We use cookies and other similar technologies (Cookies) to enhance your experience and to provide you with relevant content and ads. By using our website, you are agreeing to the use of Cookies. You can change your settings at any time. Cookie Policy.


In-Memory Data Grids for Analytics on Fast-Changing Data: A Q&A with William Bain of ScaleOut Software

Originally published December 10, 2012

This BeyeNETWORK spotlight features Ron Powell's interview with William Bain, CEO of ScaleOut Software. Ron and William discuss the many capabilities of in-memory data grids and how they are being used to perform analytics on rapidly changing operational data. 

Bill, for our readers who are not familiar with ScaleOut Software, can you give us an overview of the company?

William Bain: I founded ScaleOut Software in 2003. I previously worked at Microsoft and prior to that I was at Intel’s Supercomputer Systems Division and Bell Laboratories. We introduced our product to the market in January, 2005, and we have products available for both Windows and Linux systems. Our mission is to help customers scale the performance of their applications that handle fast-changing data and help them perform analytics on that data. 

I have had a career focus in parallel computing, and so what I am trying to do with this company is to bring parallel computing techniques to the problems of scaling application performance and analytics. That is really what ScaleOut Software is all about.

Bill, ScaleOut Software utilizes an in-memory data grid. Can you explain to our audience what that is?

William Bain: An in-memory data grid (IMDG) is a software technology – middleware software actually – that helps applications scale performance and perform analytics on fast-changing data. It is designed to run across a set of servers. An application accesses an in-memory data grid just the way it would access a file system or a database server. The IMDG’s goal is to offload database servers and file systems by holding data in-memory, and stored data is replicated to other servers to maintain high availability in case of a failure. It allows the application to store fast-changing data with scalable capacity and throughput, and it makes the data shareable by all servers that are accessing it. An IMDG solves the problem of shipping data between servers and also solves the problem of handling a large volume of fast-changing data without having to push that data into a database server or a file system to hold it. 
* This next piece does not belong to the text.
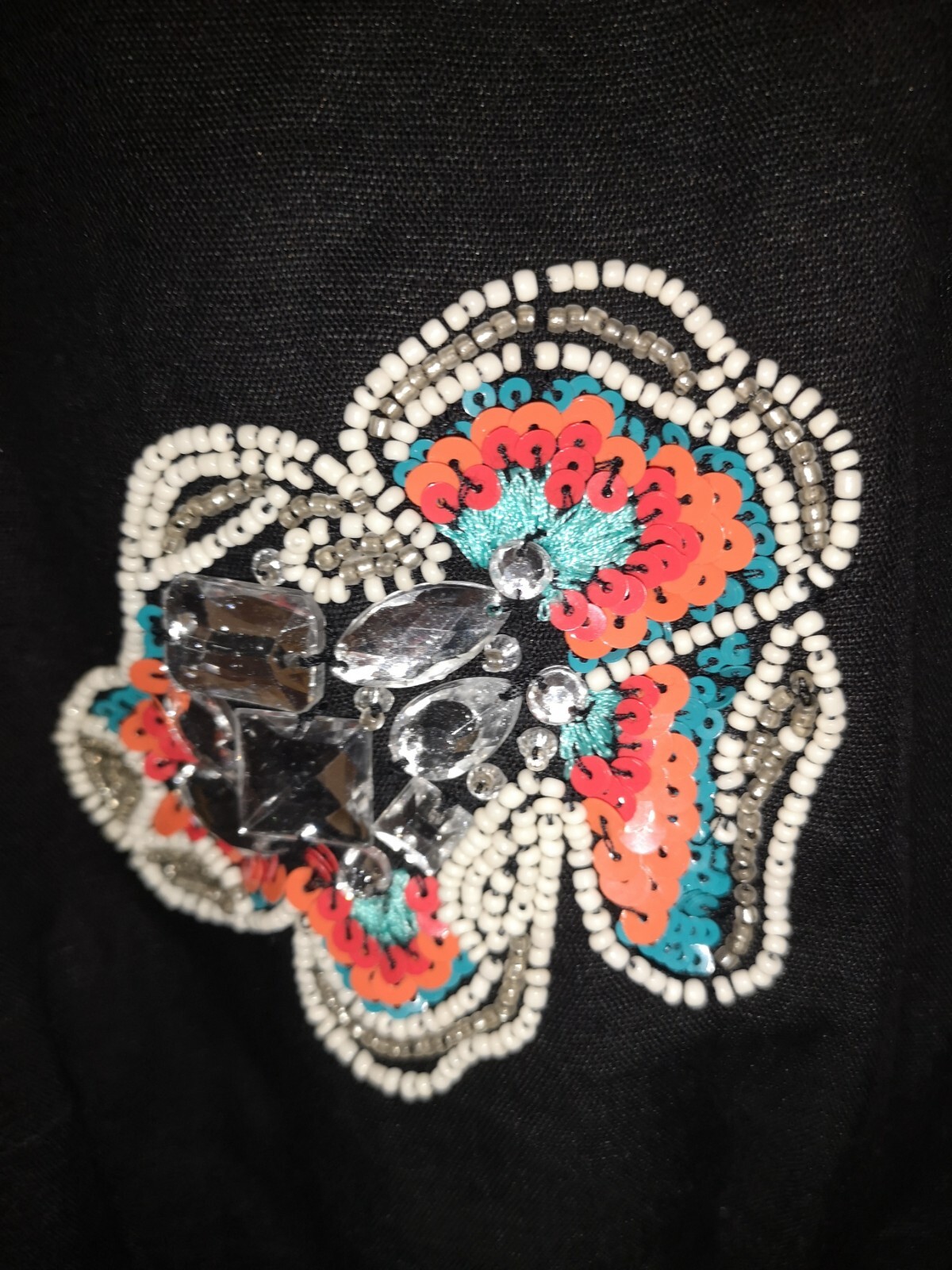 French Connection Sparkly sequinned dress black red silver embellished UK 8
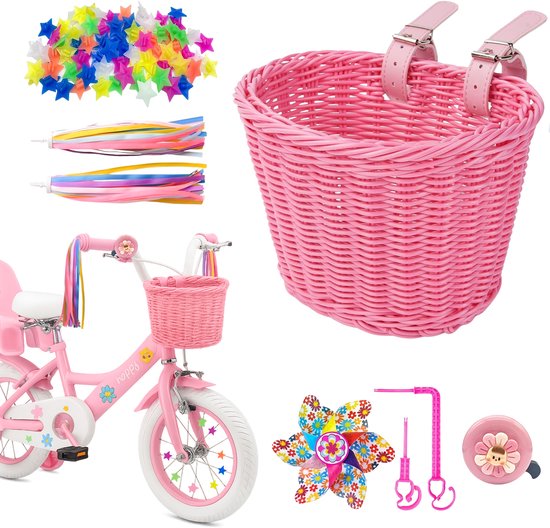 Roze kinderfiets met mandje, windmolen, bel, stuurlintjes, spaakkralen en extra accessoires.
An in-memory data grid has two other important capabilities. It can allow data that is changing rapidly to be accessed from multiple geographic sites or replicate data to remote sites for disaster recovery. It also incorporates an integrated analytics engine so all of the data that’s churning inside of the grid can be analyzed in real time while it is being updated by the application.

Our audience is very focused on analytics. What makes the in-memory data grid a good foundation for analytics computing and what are the benefits?

William Bain: Bain: Well, it's an unusually good platform for analytics because it can work on fast-changing data. It allows users to perform “map/reduce”-style computations on fast-changing data in real time. It analyzes what is called operational data – data that an application is changing over the course of the workday in its business logic code. An in-memory data grid integrates very nicely into business logic because by using an object-oriented programming model, it easily allows the application to update the data and to analyze it using object-oriented techniques. It gives users a simple, powerful analytics platform that's integrated with the operational use of data.

The product is a pure in-memory product. Obviously, when we talk about analytics and big data, aren't most data sets too big to fit in-memory?

William Bain: Well, actually no, they’re not too big. Something like 60% of all data sets will fit in ten terabytes of memory or less according to Ovum, and the average data set size is about three terabytes. We have more than 350 customers worldwide, and what we find is that their operational data fits nicely into memory. We've done some tests that show that an IMDG can hold a terabyte of data, for example, in 64 servers while maintaining full high-availability through data replication. You can easily hold up to ten terabytes with in-memory techniques. We expect that over the next few years, as people incorporate solid-state devices into in-memory data grids, the range for this technology will expand greatly and be able to handle even larger data sets.

Bill, I find that absolutely amazing that we can hold ten terabytes in-memory today. That is a far cry from what we could have done even four or five years ago.

William Bain: Absolutely, that's true. I remember at Intel Supercomputers in the late 1980s that we had announced a parallel file system with disks each holding 540 megabytes. The whole system was nine gigabytes, and we thought that was a huge amount of storage. To be able to hold many times that amount of data in-memory today is really amazing. 

There are a lot of analytic platforms on the market today. Can you describe the specific capabilities and usage characteristics of the ScaleOut technology and what sets you apart from the competition?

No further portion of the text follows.